Selasa 11 Dec 2018 16:53 WIB

Kebijakan Kantong Plastik Turunkan Kinerja Industri

Penerapan cukai akan menimbulkan persaingan yang tidak sehat antarpelaku industri.

Rep: Adinda Pryanka/ Red: Friska Yolanda
Sekretaris Jenderal Asosiasi Industri Olefin, Plastik dan Aromatik Indonesia (Inaplas) Fajar Budiyono (kiri) dan Wakil Ketua Umum Inaplas Suhat Miyarso (tengah) dalam konferensi pers di Jakarta, Selasa (11/12).
Foto: Republika/Adinda Pryanka
Sekretaris Jenderal Asosiasi Industri Olefin, Plastik dan Aromatik Indonesia (Inaplas) Fajar Budiyono (kiri) dan Wakil Ketua Umum Inaplas Suhat Miyarso (tengah) dalam konferensi pers di Jakarta, Selasa (11/12).

REPUBLIKA.CO.ID, JAKARTA -- Asosiasi Industri Olefin, Plastik dan Aromatik Indonesia (Inaplas) menolak pelarangan kantong belanja plastik dan rencana penerapan cukai oleh pemerintah.

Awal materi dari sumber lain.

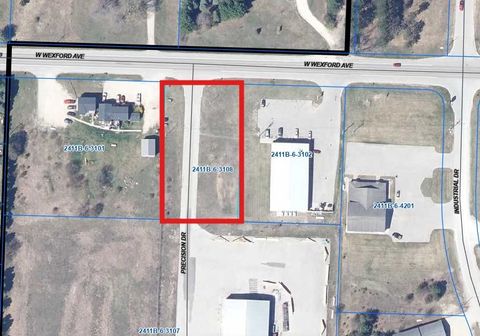 000 W Wexford Avenue Hanover Township MI 49620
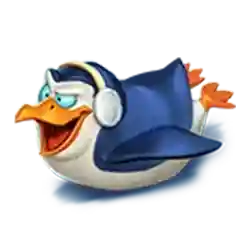 Symbol 04 Fortune Hook Antarctic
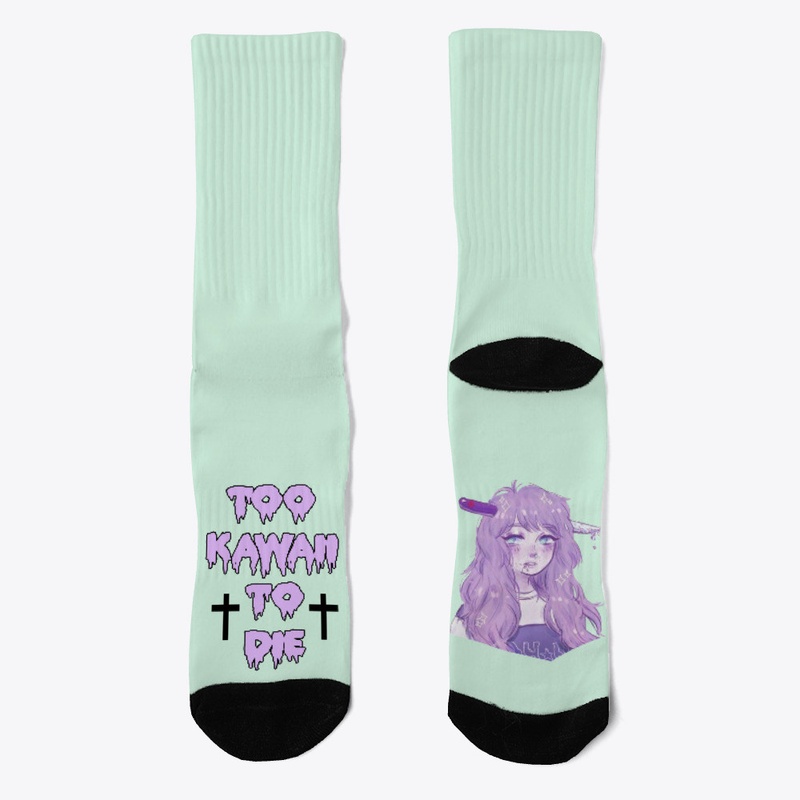 Too Kawaii To Die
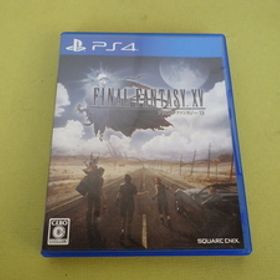 ◆即決◆ＰＳ４ ファイナルファンタジー15 FINAL FANTASY XV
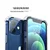 Maikuqi Maska za mobilni telefon iPhone 12 / iPhone 12 Pro, Providna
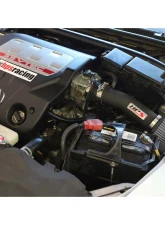 HPS Black High Flow Filter Shortram Air Intake Kit Acura TL 2004-2008                                     - 827-275WB - Image 2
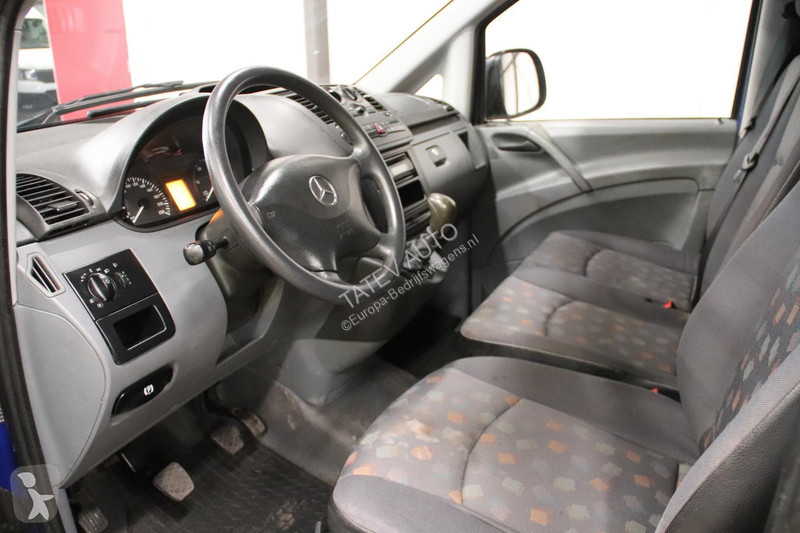 Véhicule utilitaire Mercedes 109 CDI 320 LANG...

Salah satu alasan yang disampaikan Wakil Ketua Umum Inaplas Suhat Miyarso adalah dampaknya terhadap penurunan kinerja industri dan menambah pengangguran. 

Industri kantong belanja plastik telah berkembang lama, didominasi oleh industri kecil dan menengah (IKM) dengan jumlah tenaga kerja berkisar antara lima hingga 200 orang per perusahaan. Secara keseluruhan, berjumlah sekitar 25 ribu orang. "Kalau dua kebijakan itu diterapkan, dampak negatifnya akan lebih banyak dibanding dengan positif," tutur Suhat dalam konferensi pers di Jakarta, Selasa (11/12). 

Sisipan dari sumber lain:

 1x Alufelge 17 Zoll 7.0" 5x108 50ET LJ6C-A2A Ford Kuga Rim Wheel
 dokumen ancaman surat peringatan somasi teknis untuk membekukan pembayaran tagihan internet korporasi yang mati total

Plastik bekas pakai masih memiliki nilai ekonomi yang dapat didaur ulang, digunakan ataupun diolah ulang. Hal ini dapat menimbulkan usaha-usaha baru yang bermanfaat bagi masyarakat, di antaranya usaha pengepul dan pengolah sampah. 

Pelarangan kantong belanja plastik dan penerapan cukai, dilihat Suhat, bukan solusi penanganan pencemaran akibat sampah di darat, sungai maupun di laut. Menurutnya, pencemaran akan tetap terjadi apabila pengelolaan sampah di Indonesia tidak diperbaiki. 

Rencana penerapan cukai justru akan menimbulkan persaingan yang tidak sehat antar pelaku industri. Sebab, sejumlah pihak dapat saja membuat plastik secara sembarangan dan dapat menutupi kesalahannya dengan hanya membayar cukai. "Ini akan memperburuk kondisi sampah yang saat ini sudah diabaikan masyarakat. (Cukai) bukan solusi, justru memperparah," ujarnya. 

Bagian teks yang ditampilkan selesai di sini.